Researchers at the University of South Carolina found that participants rapidly take on a near expert level of nutrition savoir-faire as they rate certain foods for healthiness and research information on others.

Knowing that traditional methods of weight loss, such as tracking calories and portion size in a journal, are often abandoned as quickly as the idea is entertained, lead study author Gabrielle Turner-McGrievy says the goal of the study was to circumvent such tried-and-failed prescriptions.

“We know that self-monitoring the diet is a key component to weight loss but that adherence to self-monitoring tends to decline over time,” says Turner-MeGrievy in an interview with Relaxnews. “It can be difficult and burdensome to enter every food you eat or beverage you drink. Taking a picture and letting other users provide you with feedback is one way to decrease the burden, and maybe also add some fun to the process as well.”

In the study, researchers selected 450 photos that had been uploaded to the Eatery app by 333 users in Europe and in the US.

Next, they asked three public health students, all three of whom had completed relevant coursework in dietary assessment, to evaluate the foods in the photos.

The public health students were asked to rate the foods according to 2010 US Dietary Guidelines, which increased the complexity of their task relative to that of the leisure user.

This set of guidelines has for objective encouraging consumption of fruits, vegetables, whole grains, low fat unsweetened dairy products and low-cholesterol protein and reducing intake of foods high in salt, saturated and trans-fats, sugar, and refined grains and alcohol.

Researchers compared data obtained from the three students to that of the 333 leisure users of the app and found them to be similar, indicating a common understanding of the 2010 US Dietary Guidelines that expands to overseas territories.

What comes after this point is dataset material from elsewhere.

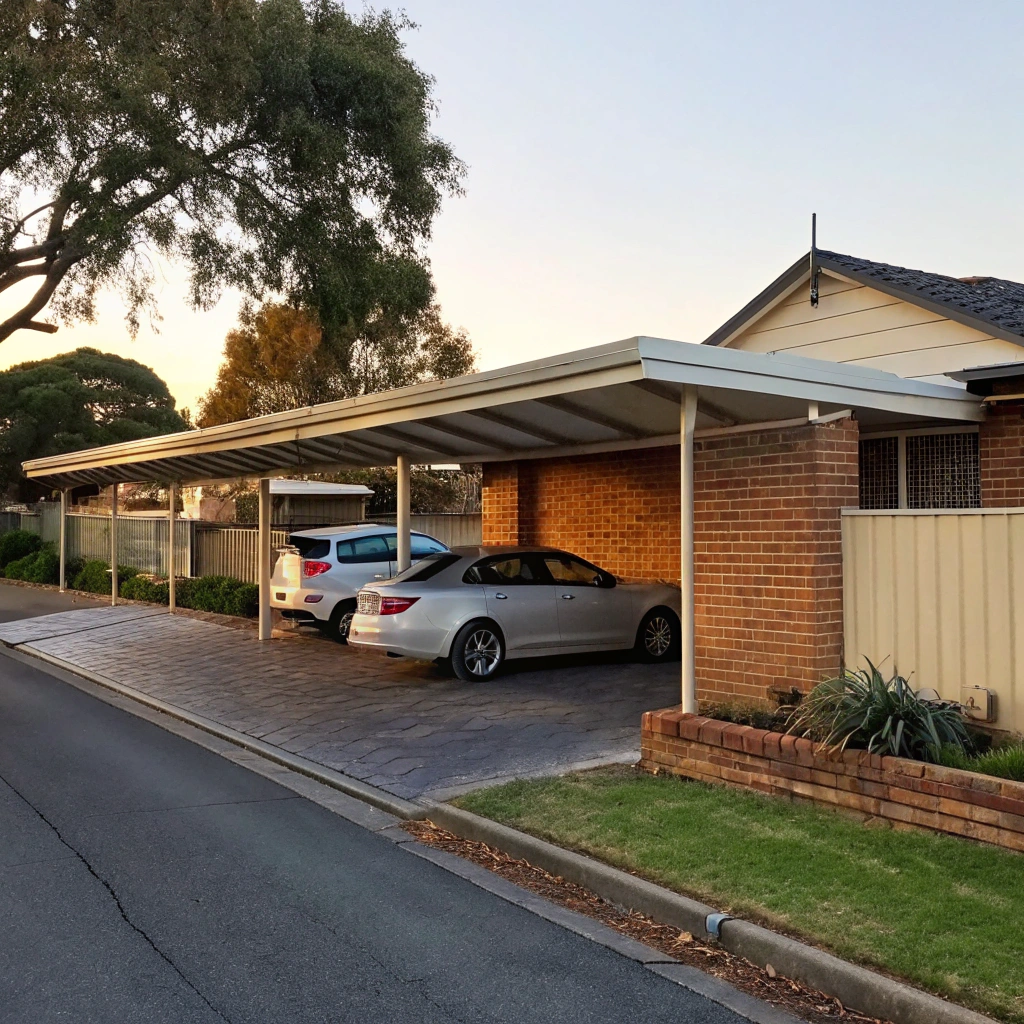 double carport wall attached to brick home newcastle suburban street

“It was surprising that untrained users of the Eatery app did such a good job assessing the healthiness of the foods and beverages in the photos,” says Turner-McGrievy. “They did this without any training.”

Turner-McGrievy credits the success of the app with leisure users to its low-burden approach, which doesn’t require users to log portion size among other specifics and she heeds particular credit to the social aspect.

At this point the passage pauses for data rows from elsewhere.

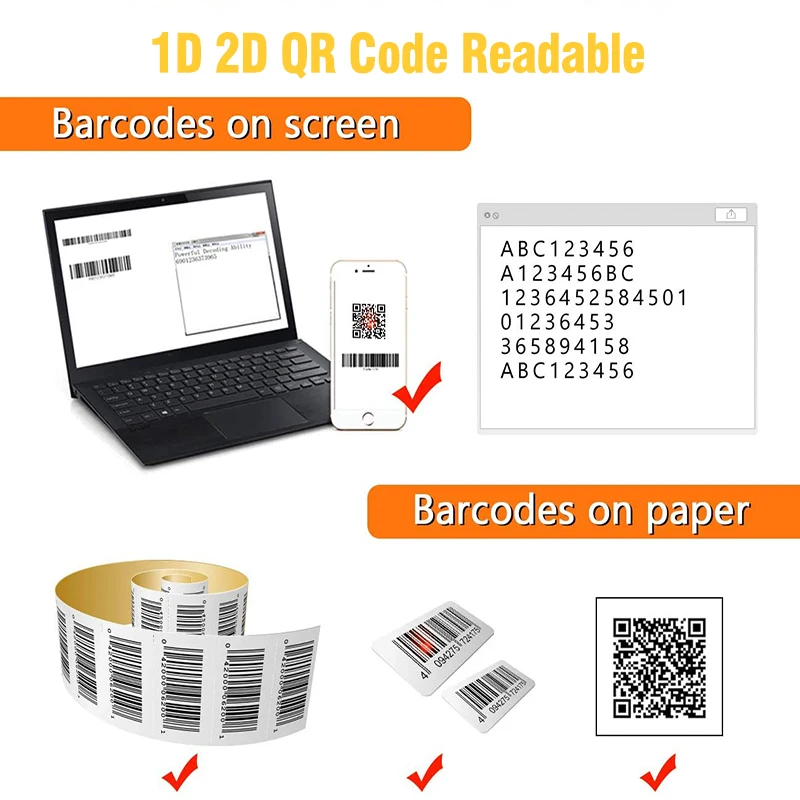 Сканер штрих-кода 2 4G беспроводной 1D 2D QR портативный считыватель ручной матричный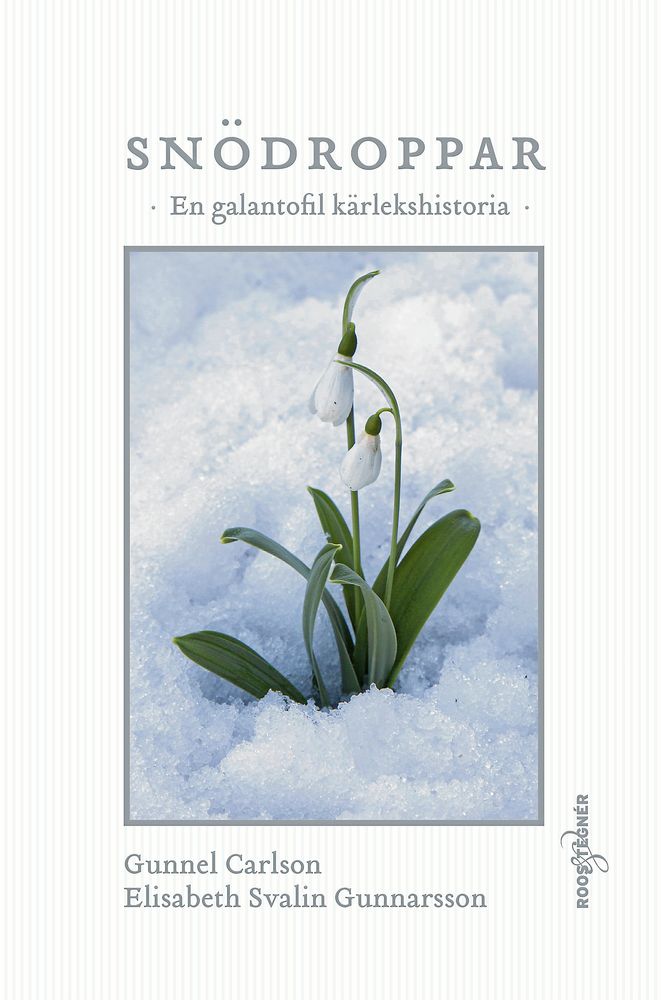 Vit bokframsida med närbild på snödroppar i snö och svensk titeltext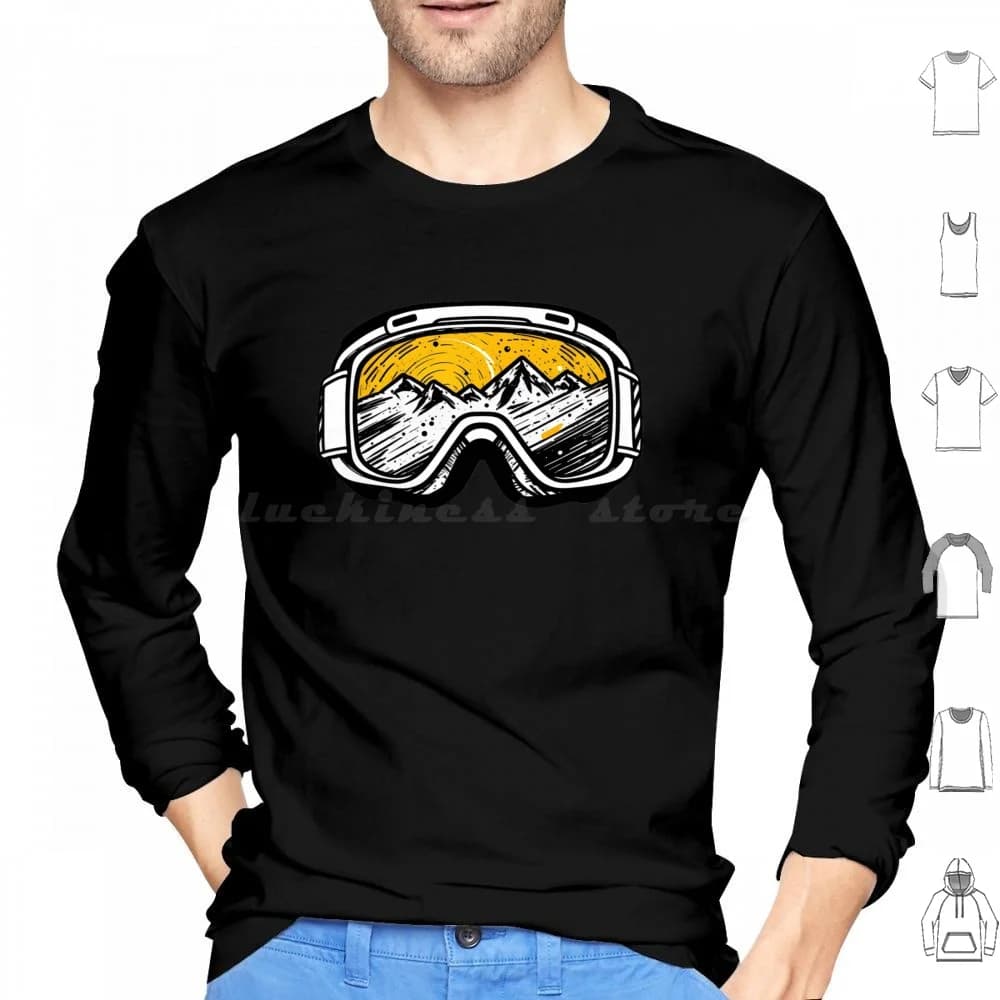 Occhiali da sci, snowboard, regali per snowboard Felpa con cappuccio in cotone a maniche lunghe Sciier Bianco Hobby Sci Occhiali da sci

“It was appealing to me to find a way of getting around the hurdles of self-monitoring,” says Turner-McGrievy. “The human touch aspect of crowdsourcing seems to be an important source of support.”

The Eatery app, which allowed users to rate one another’s meals on a sliding scale in terms of healthiness, is no longer in existence since its parent company, Massive Health, was bought by Jawbone in February 2013.

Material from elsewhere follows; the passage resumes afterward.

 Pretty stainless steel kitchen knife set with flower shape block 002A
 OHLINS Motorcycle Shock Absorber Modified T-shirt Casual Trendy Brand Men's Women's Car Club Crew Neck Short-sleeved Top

Many crowdsourcing apps like Eatery have dissappeared in the wave of mergers and acquisitions that is sweeping the market for fitness apps and wearable trackers, in which new technology does the math, leaving the user out of the analytical process.

Perhaps technology has gotten ahead of itself.

“Wearables have gotten good at assessing physical fitness,” says Turner-McGrievy, “But we’re still not there in terms of diet.”

One such app still in existance is Eatly, which works similarly to the Eatery app and is available to download on Android devices and for iOS.

The study was published in the Journal of the American Medical Informatics Association.